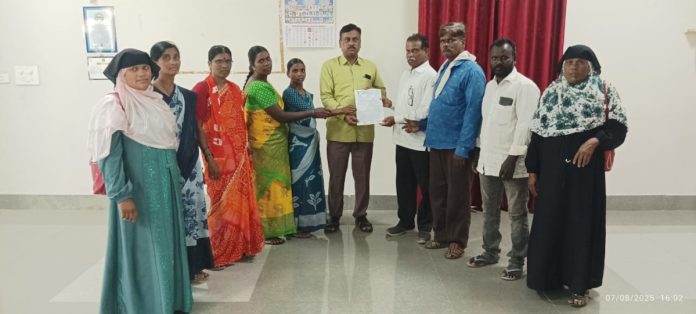 Petition to DEO regarding the problems of mid-day meal workers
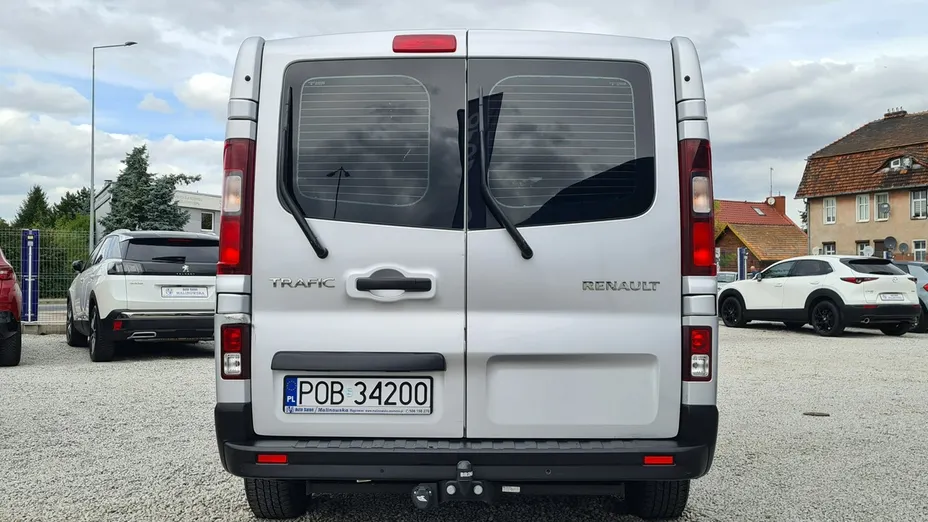 RENAULT Trafic -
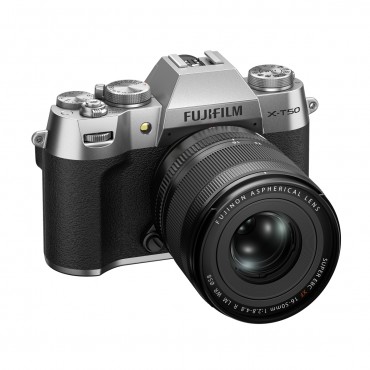 FUJIFILM X-T50 silber mit XF 16-50 mm F 2,8-4,8 R LM WR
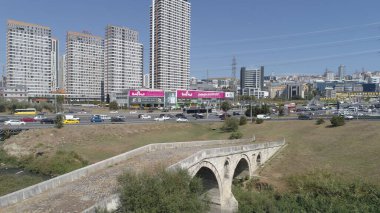 Taş Köprü İstanbul 'daki tarihi Haramidere Köprüsü' dür..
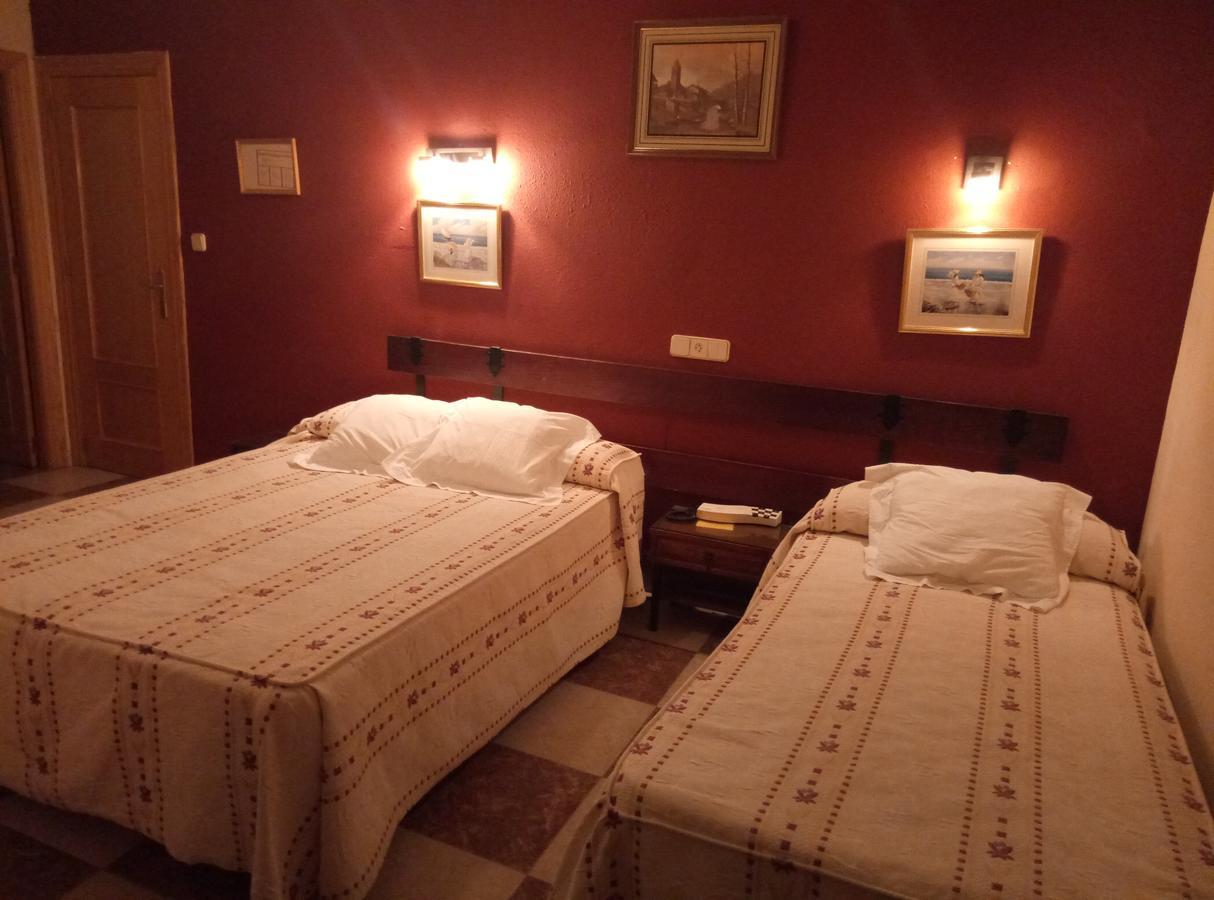 Hostal Residencia Castilla 쿠엥카 외부 사진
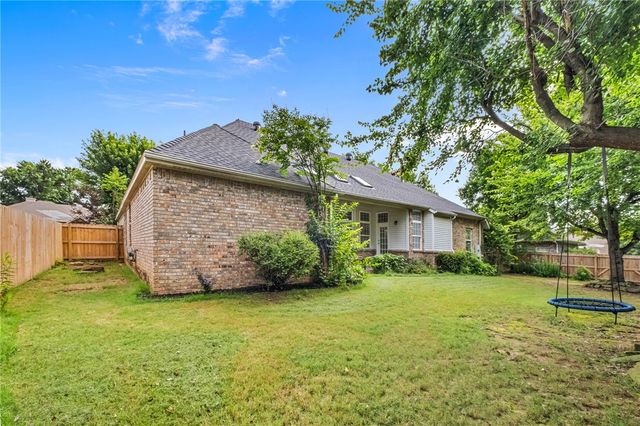4399 Essex Cove, Springdale, AR 72762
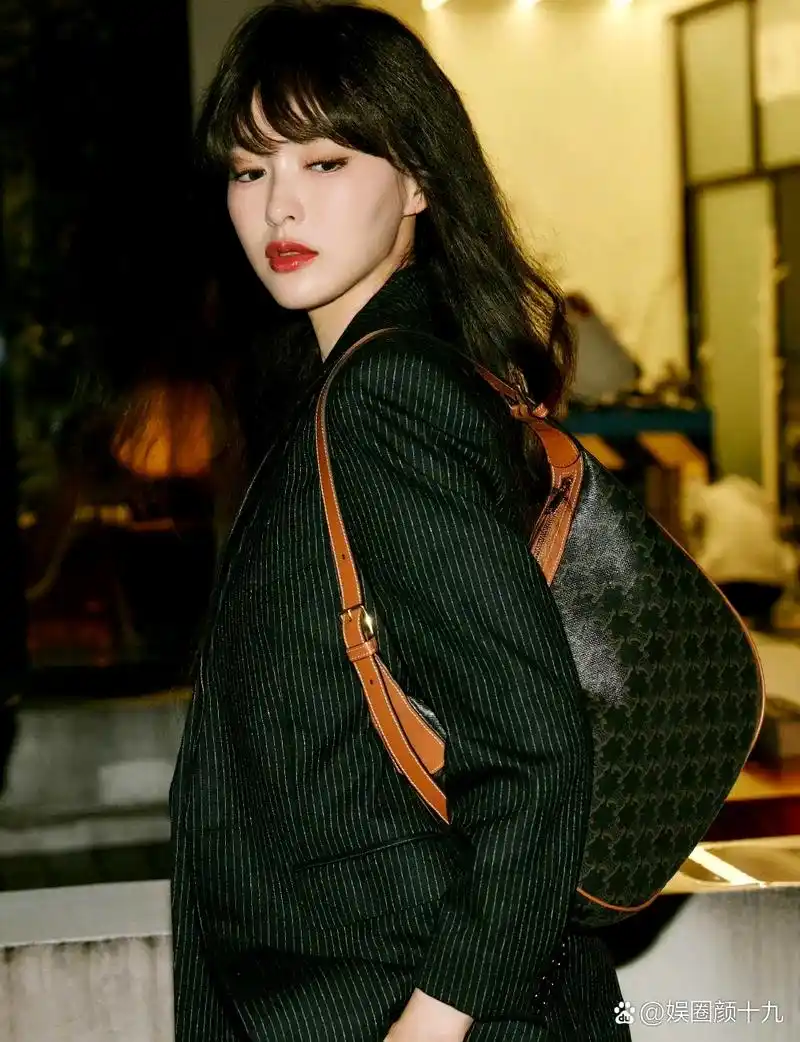 唐嫣好港 港风糖糖上线~  慵懒卷发明艳红唇～ 好酷好飒～ #娱乐最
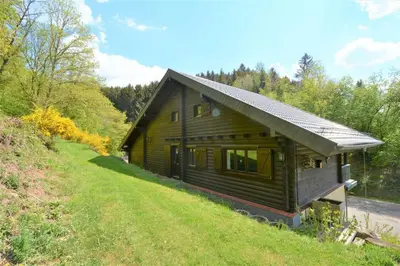 Das Gebäude in dem sich das Ferienhaus befindet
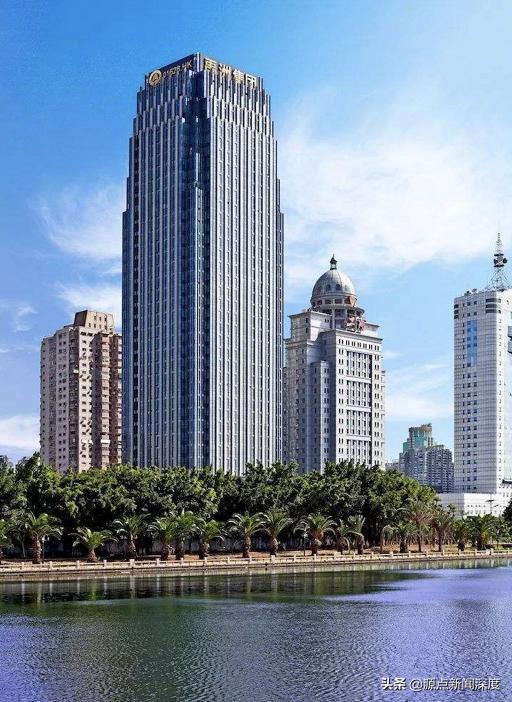 妻子谢女士称,丈夫的堂哥李小虎(化名)是厦门鑫九洲贸易有限公司(以下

----

EXERCISE INSTRUCTIONS: With the images removed, reproduce all the material above word for word.

EXERCISE ANSWER:
 Petition to DEO regarding the problems of mid-day meal workers
 RENAULT Trafic -
 FUJIFILM X-T50 silber mit XF 16-50 mm F 2,8-4,8 R LM WR
 Taş Köprü İstanbul 'daki tarihi Haramidere Köprüsü' dür..
 Hostal Residencia Castilla 쿠엥카 외부 사진
4399 Essex Cove, Springdale, AR 72762
 唐嫣好港 港风糖糖上线~  慵懒卷发明艳红唇～ 好酷好飒～ #娱乐最
 Das Gebäude in dem sich das Ferienhaus befindet
 妻子谢女士称,丈夫的堂哥李小虎(化名)是厦门鑫九洲贸易有限公司(以下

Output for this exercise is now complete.